We need a few more details to figure this one out so I'll try to point you in the right direction. The kva of the input side of the inverter should roughly match the kva of the load side. Are you using a single phase input inverter to drive a three phase load? If so the input kva is simply the Line to line (L-L) voltage times the line current (both rms values). If you have a three phase input the input kva will be the L-L voltage times the line current divided by the square root of 3. The output kva will be the same in either case just the L-L voltage times the line current divided by the square root of three. The inverter should be fairly efficient so these numbers should match to within... oh say 75 to 80 percent... Keep in mind what everyone else has said about the use of clamp on meters too, everything should be kept at the same frequency during the tests 50-60 Hz.

dear friend, im an electrician here in saudi arabia, ARAMCO project, i have some explanation in my mind, it may not a solid answer but it will give you an idea.

inverter must be more than 100% than its load, the inverter cannot give the capacity what the load demand, same as a child carrying a load more that his weight, it is better to buy a 500 amperes inverter to supply the 360 amperes motor, consider the inrush current of a motorits full load current, perhaps, it is better for you to read a table regarding of motor.your inverter will burn and damaged im sure of that.

RAC

Power measurment of Inverters [if frequency is HF] is a tidious job can only be done with professional Eqpt because 50/60Hz Measuring Eqpt cannot do correctly. It involves Voltage/ current & Phase angle measurements. Even on line frequency it may be misleading.

To read output current from a VFD you need to use a True RMS meter to get an accurate reading such as a Fluke 337. Also the reading you get will not equal the rating of the motor or the drive because they are 3 phase readings and you are only measuring one leg. However you can not merely multiply by three, instead it is actually the square root of 3 to get the total current.

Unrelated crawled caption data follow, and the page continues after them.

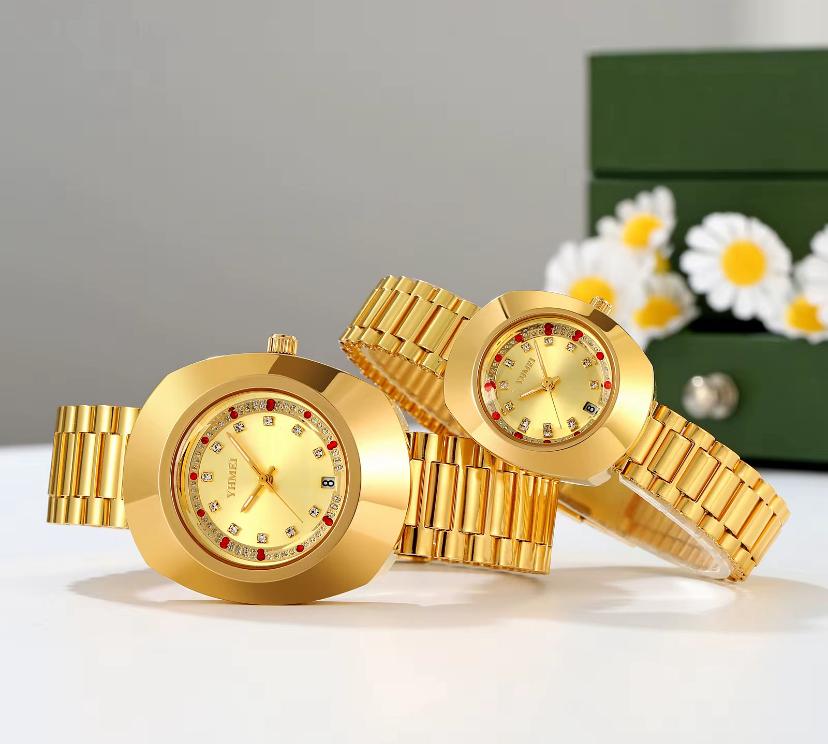 Montres Couple Dorées – Élégance & Harmonie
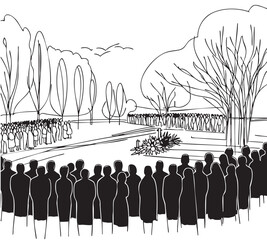 line sketch black flat funeral crowd behind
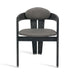 Stylish Nordic Black Oak Wood Accent Dining Chair with Comfortable Arms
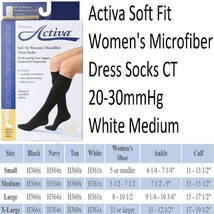 Activa Soft Fit Microfiber Dress Socks 20-30mmHg (White) Medium - $19.40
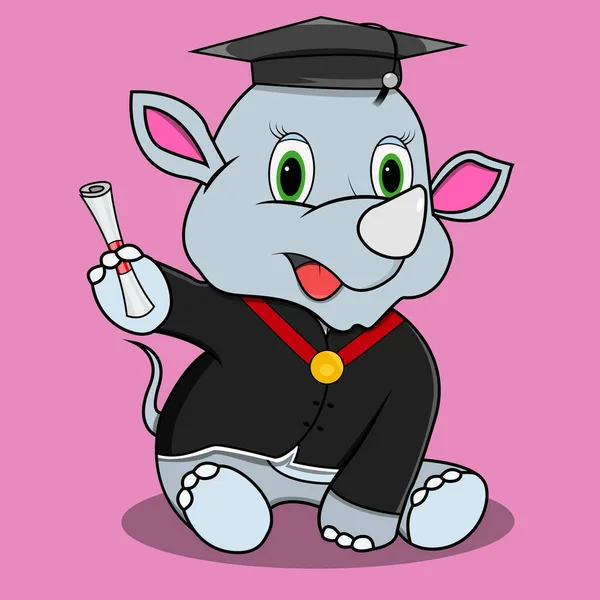 Rinoceronte Personagem Com Tema Graduação Fundo Cores Rosa Mascote Ícone — Vetor de Stock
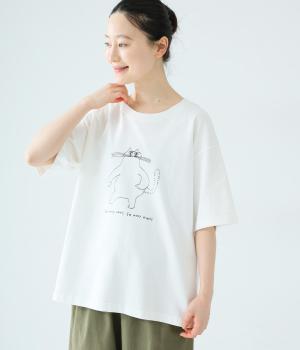 半袖プリントTシャツ　”Boss Cat”(ホワイト-F)
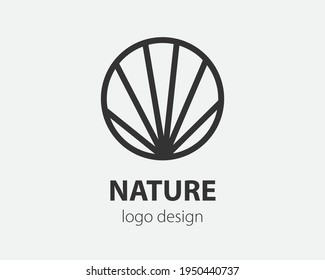 Geometric vector logo in a circle. High tech style logotype for nano technology, cryptocurrency and mobile applications in a simple linear design.
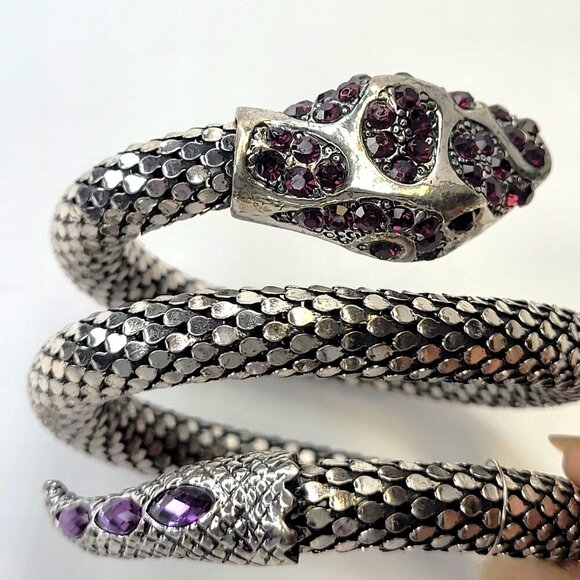 Vintage Mesh Purple Rhinestone 3 Coil Serpent SIlver Snake Bracelet - Picture 4 of 11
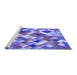 Sideview of Machine Washable Transitional Amethyst Purple Rug, wshpat2273blu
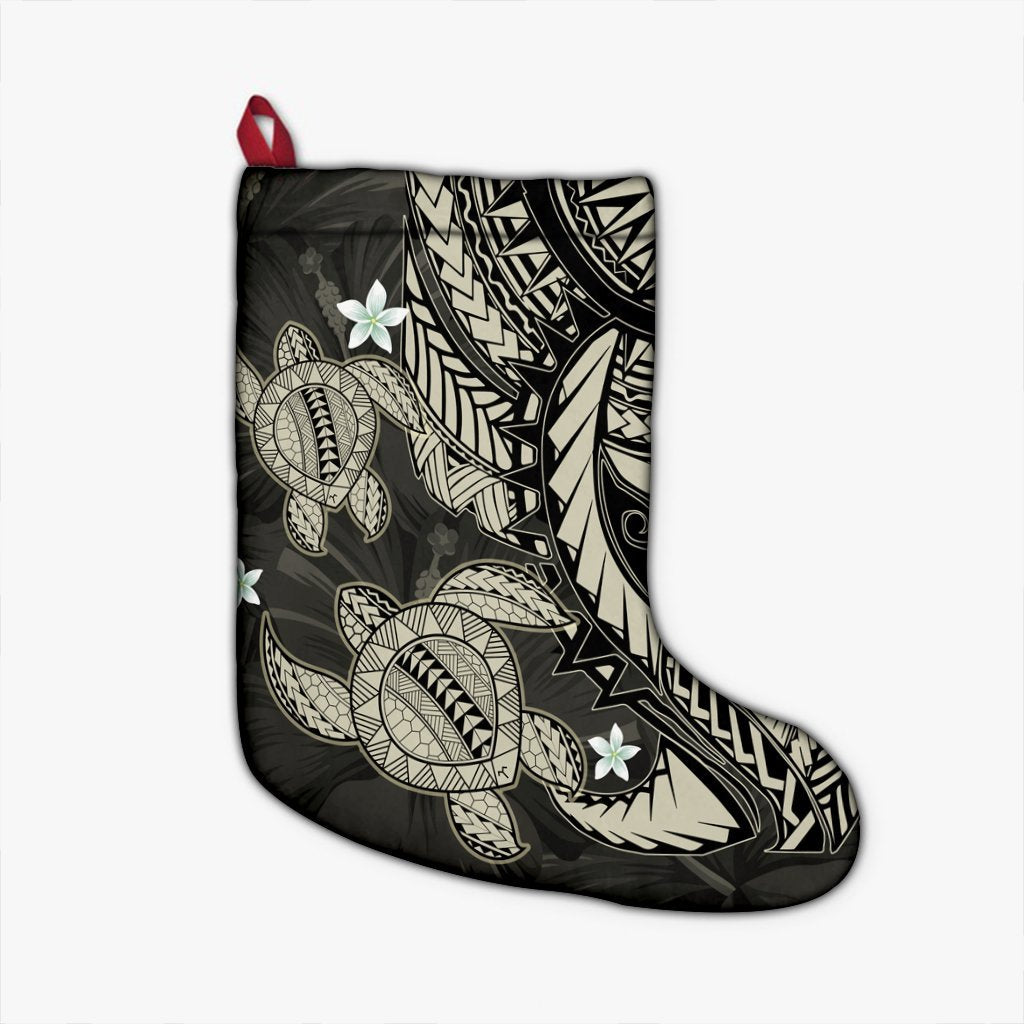 Hawaii Polynesian Turtle Hibiscus Christmas Stocking - Beige - AH Christmas Stocking 26 X 42 cm Black - Polynesian Pride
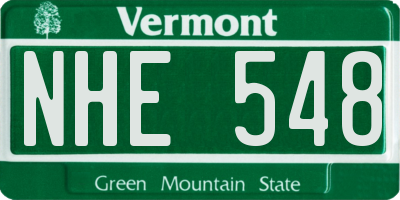 VT license plate NHE548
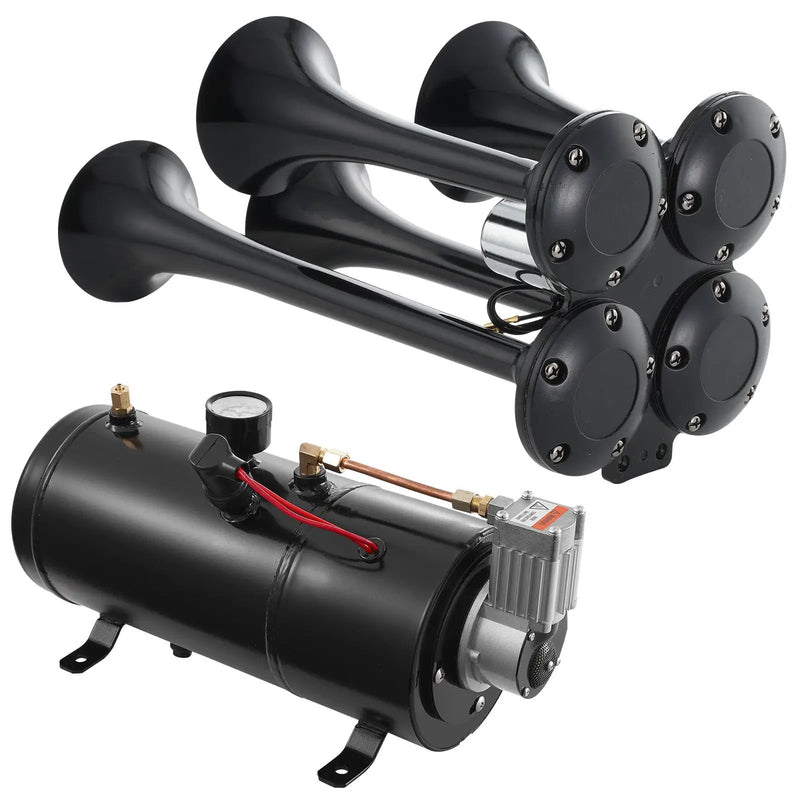 Train Horns Kit, 4 Trumpet Air Horn Kit, 150dB for Pickup Trucks by HouseOfZazla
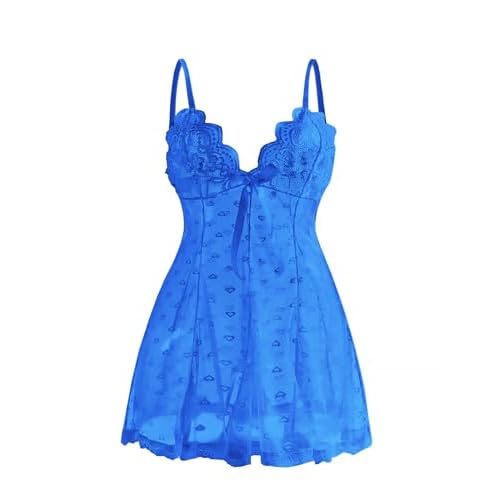 Women's Sheer Lace Babydoll Nightgown, Heart Print, Black, Floral Trim,S-5XL 4X-Large Blue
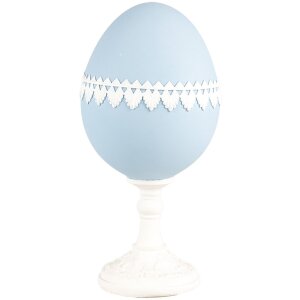 Clayre & Eef 6PR5146 Decorazione Uovo Blu Bianco 11x9x21 cm Stile Retro Vintage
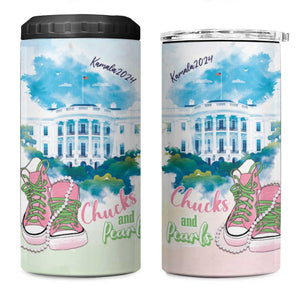 Chucks N Pearls 2024 4 in 1 Can Cooler Tumbler Pink Green Rocking The World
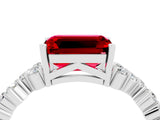 Silver Emerald Cut Ruby Scattered Round Accent Ring with Prong Setting_34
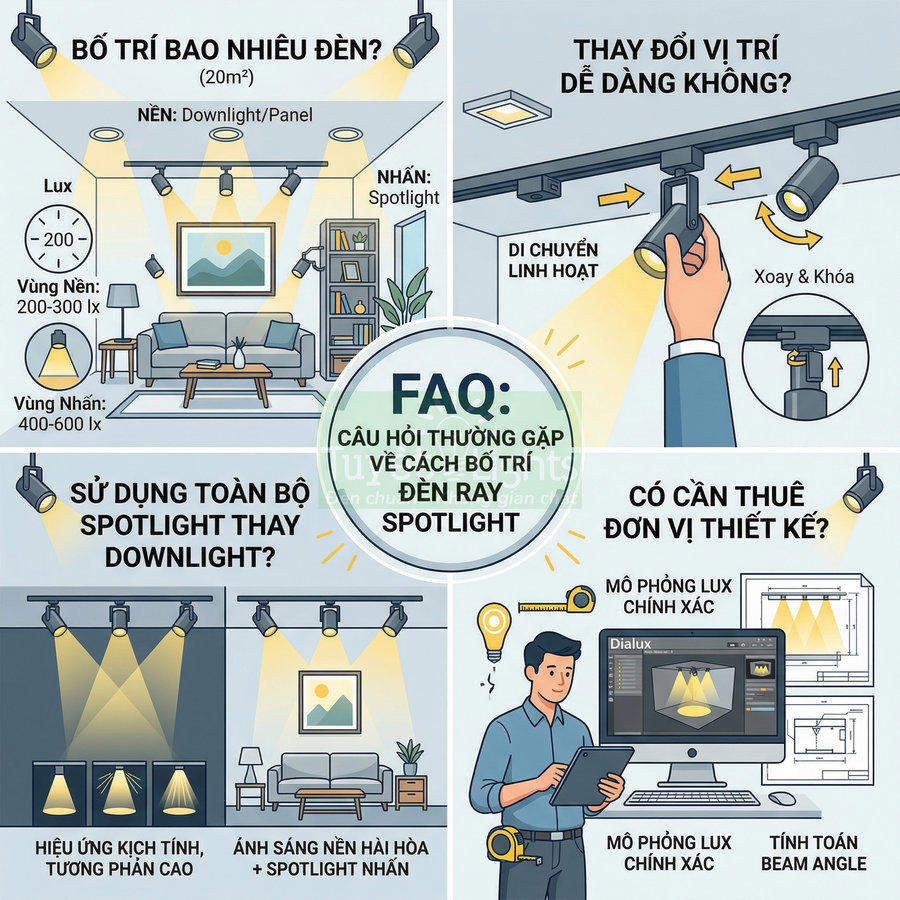 Hướng dẫn bố trí đèn ray spotlight trong phòng khách với minh họa cách lắp đặt và điều chỉnh ánh sáng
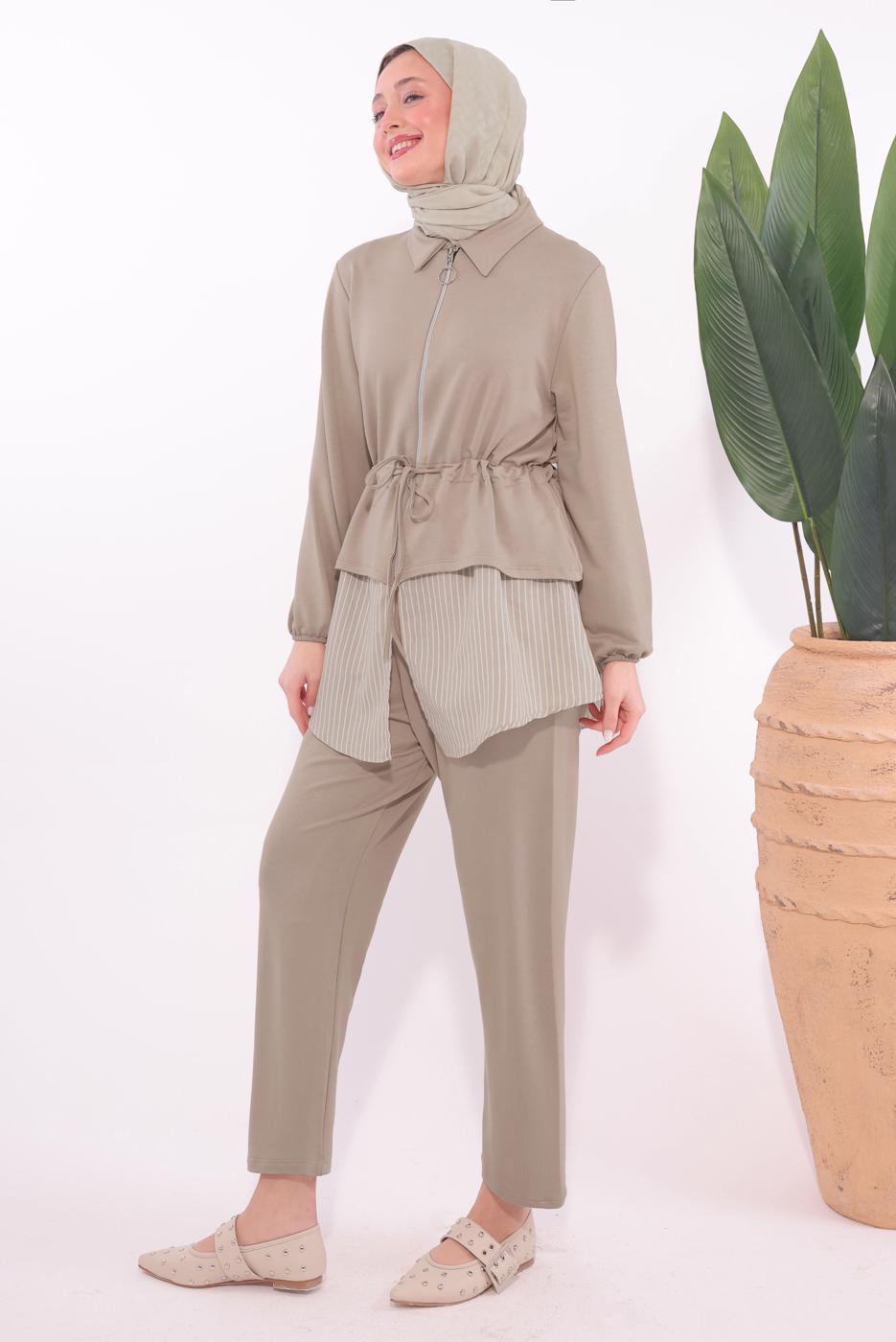 Tesettür giyim KAHVE ÇİZGİLİ PANTOLONLU TAKIM T 7074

Your multiplication by 3^½ depends on how you have the motor wired. If it connected in star format then the current is multiplied by three. You only introduce the 3^½ when it is connected in delta format and the reason is that the phase to phase voltage is 3^½ times the phase to neutral voltage.

When you talk about three phase you need to take into account the direction of each of the phases. As you can see in the diagram above you can't just add phase A and B or use the phase to neutral voltage. If you do the trigonometry you will find that the phase to phase voltage is 3^½ times the phase to neutral voltage. By the way 3^½ means Square Root of Three not 3.5.

In reply to #11

Hello Masu

What you say is true (for calculating power) but only if phase-neutral voltage is used. Then power = 3 x phase current x voltage (x PF and eff which aren't relevant to this). But it might cause confusion as the quoted voltage of a 3-phase system is phase-phase. Because phase-phase is √3 x phase-neutral voltage as you say, it gives the same answer as √3 x phase-phase voltage x phase current.

If you have a motor running and don't know whether it's connected star or delta, you don't need to find out in order to calculate the power.